Talks to break month-long deadlock will resume on Tuesday, while further protests are planned as public support remains strong

6 January 2020

The month-long stand-off between the government and France's striking transport workers has entered a critical week, with talks set to resume on Tuesday, and further national protests in store.

The first Council of Ministers' meeting was taking place on Monday, as commuters braced for a difficult return to work after the Christmas break. The ongoing pension reform protests are certain to top the agenda, with strike calls launched on Monday by nurses and physiotherapists' unions. An Air France pilots and flight attendants strike is also disrupting travel plans.

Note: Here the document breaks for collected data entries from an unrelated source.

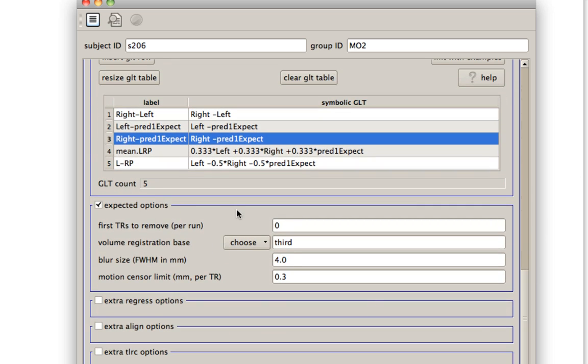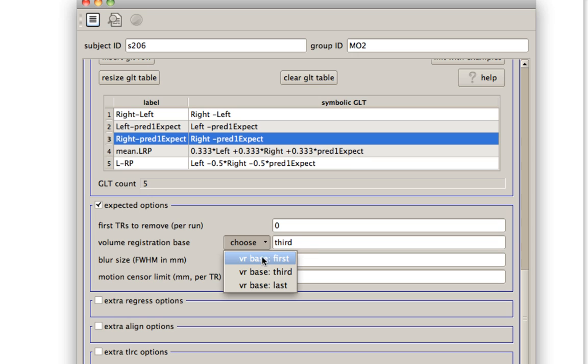So some further options for things like smoothing, for things like co-registration. Usually, my scanner at least, it removes the first two TRs automatically. So the first two volumes are automatically discarded. So usually I don't remove any TRs. And I do volume registration to the very first volume.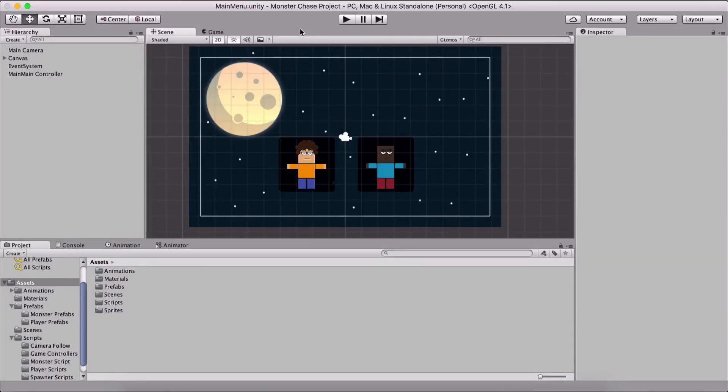Hello and welcome back to our Monster Chase game. In the previous video we created our main menu, and here is where we left off.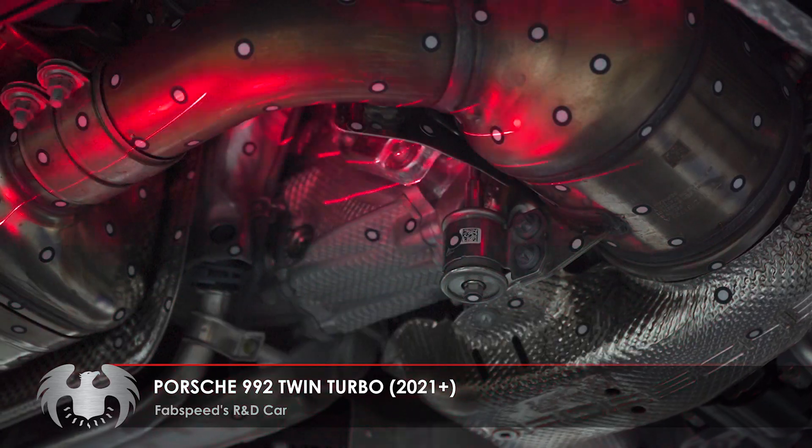Hey guys, it's Rob here and I'm in the R&D Fishbowl as we like to call it with our R&D engineer Adam, who last time showed us how the 992 turbo exhaust system flowed. Now he's going to talk to us about how our cat-back design is going.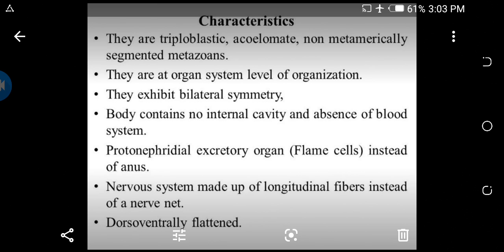The body symmetry is bilateral. The body is acoelomate, meaning without a true coelom or true body cavity. Adhesive structures like hooks, spines, and suckers are present, which are helpful for the parasitic mode of attachment and movement to the host body.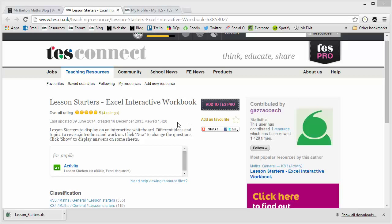This week we come to look at lesson starters. I think there's a bit of a myth in the world of teaching mathematics that's sprung up over the last few years that says you can teach all of maths, and perhaps you should teach all of maths, through rich tasks, investigations, puzzles and problems.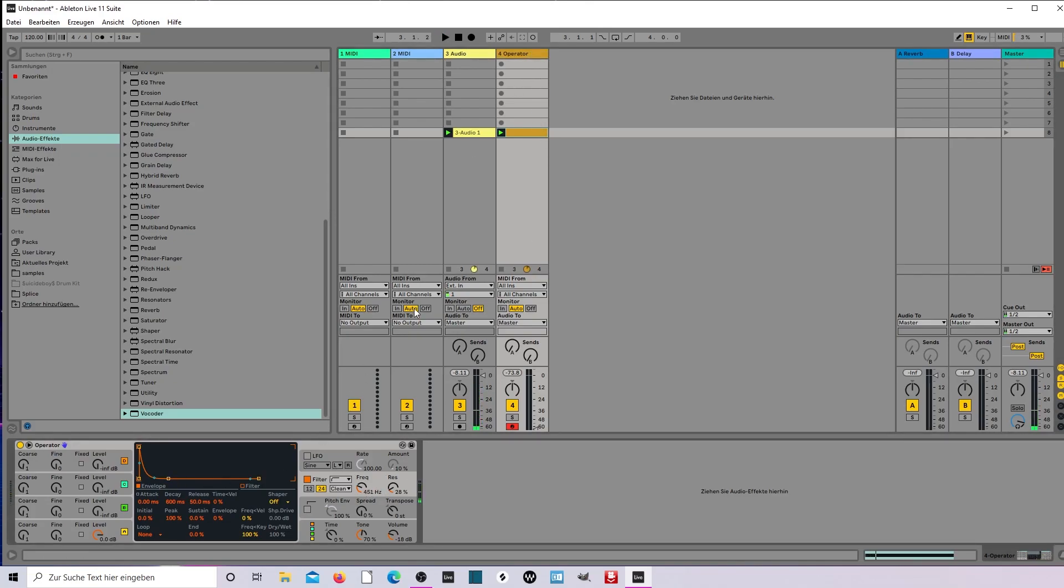And what do you want with the oscillator? You can choose another sound if you want. You can change the Operator to any sound you have.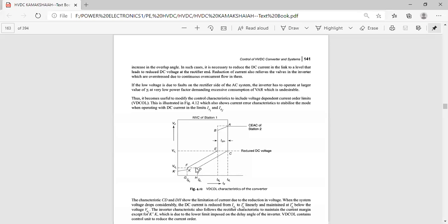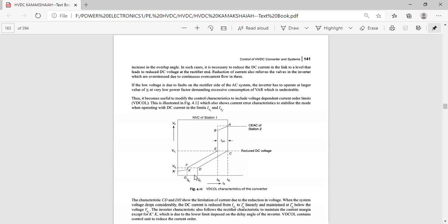These two lines are intersecting at points F and D. Point C is on the rectifier characteristic at current Id1; Id1-dash is the new current of the rectifier. Similarly, Id2-dash is the new inverter current. The difference Id1-dash minus Id2-dash is the new current margin Idm-dash. This is the voltage dependent current order limit — based on the reduced voltage, we define new currents for the rectifier and inverter.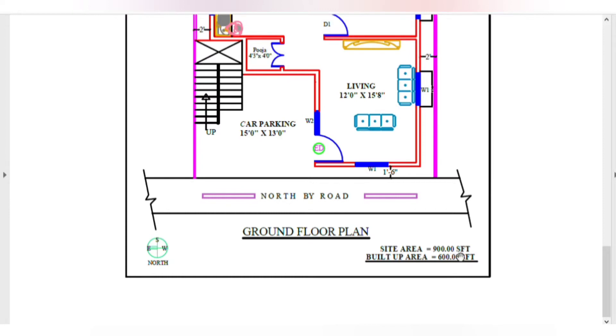The site is 900 square feet and the built-up area is 600 square feet. The built-up area is wall-to-wall construction area.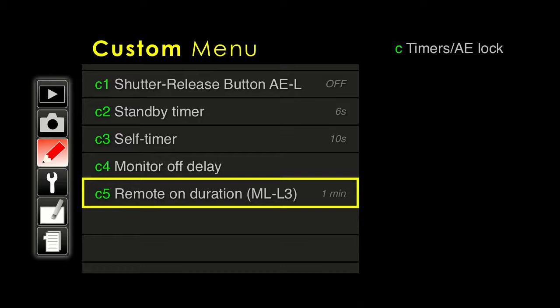Remote on duration. If you do get the wireless remote, the camera needs to stay on and active looking for a remote, and that uses up battery power. So once again, this is a compromise with the battery. If you need the remote on for a longer period of time, you can leave this on if necessary.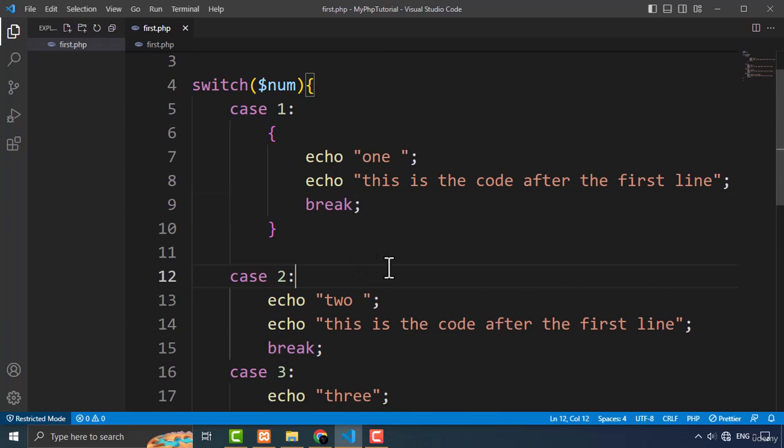Switch case statements are a valuable tool for PHP programmers that provide a concise and readable way to handle multiple conditions in code. That's it for this video. I hope you found this tutorial helpful, and I will see you in the next one.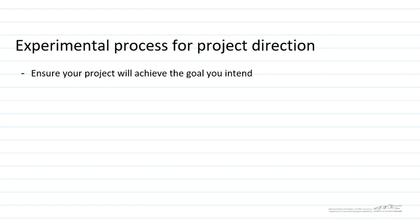Hi, welcome back. In today's video we're going to talk about an experimental process for project direction with the aim of helping ensure that your project will deliver the goals that you intend.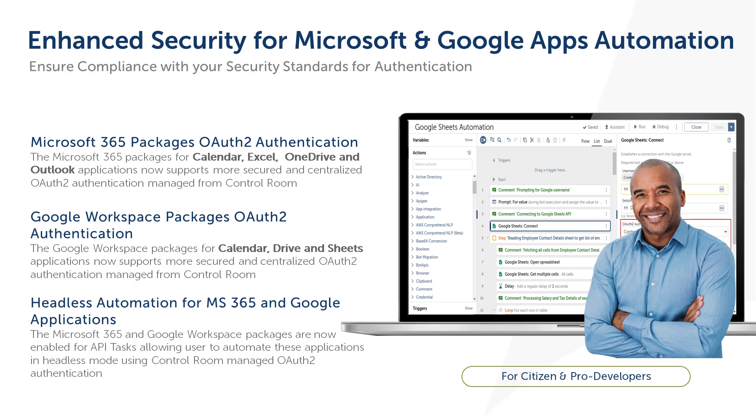Thus, we have seen how the Control Room Managed OAuth 2 option for authentication provides a more secure way of authenticating with Microsoft 365 and Google Workspace apps and thereby helps developers to automate these apps to meet the security and compliance requirements of their organization.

Read more: President pledges to finish pension reforms in New Year speech

Talks intended to break the deadlock are due to resume on Tuesday, when Prime Minister Edouard Philippe is due to meet union leaders amid threats from the CGT that it intends to tighten the blockade of refineries, oil terminals and depots.

The big test of strikers' resolve, however, will take place on Thursday and Saturday, when mass protests by the CGT, FO, CFE-CGC, Solidaires and FSU intersyndicale unions are planned.

Read more: More French industries denounce pension reform

The last national protests, led by the united trade union coalition, took place on December 17. Union leaders will hope the first mass strike of the year will garner as much support as the first marches, on December 5.

A total 806,000 marchers joined the first nationwide protests, according to the Interior Ministry. The CGT put the figure at 1.5million. Rail and public transport workers have maintained their strike since then, even during the Christmas holiday period.

Read more (subscriber article): France’s strike actions set to continue

Laurent Brun, secretary general of the CGT Cheminots, told reporters he was confident support for the pension reform strikes remained strong: "We think we will succeed in remobilizing despite the fact that we are in the fifth week of the strike."

And unions intend to maintain the pressure on the government with more protests on Saturday.

A poll published on Friday showed 61% of French people still support the strike, down five points on a December 19th survey, according to pollster Odoxa.